Then there are those like myself that are on the completely opposite end of the spectrum and want to dismantle that power and privileged position.



> Actually I like her (not her party though) because she is the best looking of the three, and my preferences
> are old fashioned (if you know what I mean).


Yup, I get the drift :biggrin:
Too bad you are starved for choice when it comes to pretty politicians.
Politics is not the place to be if one is looking to be around pretty faces.



> If Ms Horwath was suddlenly out of a job, she is always welcome to stay with me at my house.


Be careful what you wish for.
Chances are higher that if Wynne wins again, Hudak will be the first one out of a job ;o)


----------



## Toronto.gal (Jan 8, 2010)

HaroldCrump said:


> There are always *excuses* to not vote.


And there are offered excuses galore for just about any issue these days!

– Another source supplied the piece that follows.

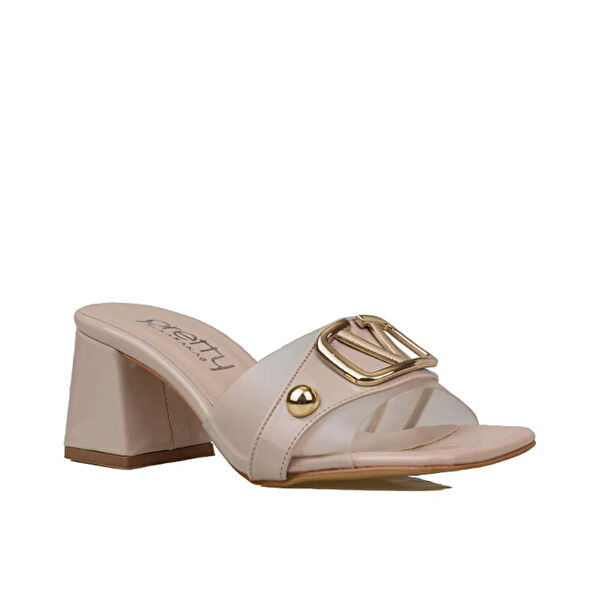 Trend Adımlar Kadın Terlik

The biggest reason by far, is public apathy, which is not always as a result of voter fatigue/political dissatisfaction/lack of mobility, etc. 

What % would bother to vote from today until June 12th, for a 'none of the above' category? Whatever the figure is, I don't believe it comes even close to the % who don't vote simply as a result of lack of interest [I don't like politics is what I often hear from friends/colleages], hence not knowing the issues is a big problem; also no time /belief that their vote would not make one iota of difference, etc. - then add all those up, and it will be much higher than the disillusioned group that genuinely can't bring themselves to vote after much thought & consideration. The age of the silent groups tell part of the story and it's a concern.

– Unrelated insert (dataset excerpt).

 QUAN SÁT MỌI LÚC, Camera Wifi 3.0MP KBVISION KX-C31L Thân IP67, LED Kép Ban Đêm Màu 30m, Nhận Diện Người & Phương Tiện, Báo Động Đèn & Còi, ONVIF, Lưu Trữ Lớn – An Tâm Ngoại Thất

At last Ontario election, a new record low was set @ just under 50%, and just 3% higher in the election prior - compare that to the high of 73.5% back in 1971 [the latter was hard to believe].

It's been 24/43 years since the voter turnout was above 60% & 70% respectively. The continuous & steady decline began in 1990, so 24 years of continued political dissatisfaction, or increased apathy? I pick the latter.

- 1971 = 73.5% [record high, unless u go back to 1934]
- 1990 = 64.4%
- 1995 = 63% 
- 1999 = 58.3% 
- 2003 = 56.8% 
- 2007 = 52.1% 
- 2011 = 49.2% [a record low {-23.6% from 1990}].
- 2014 = ? [hopefully closer to the 90's]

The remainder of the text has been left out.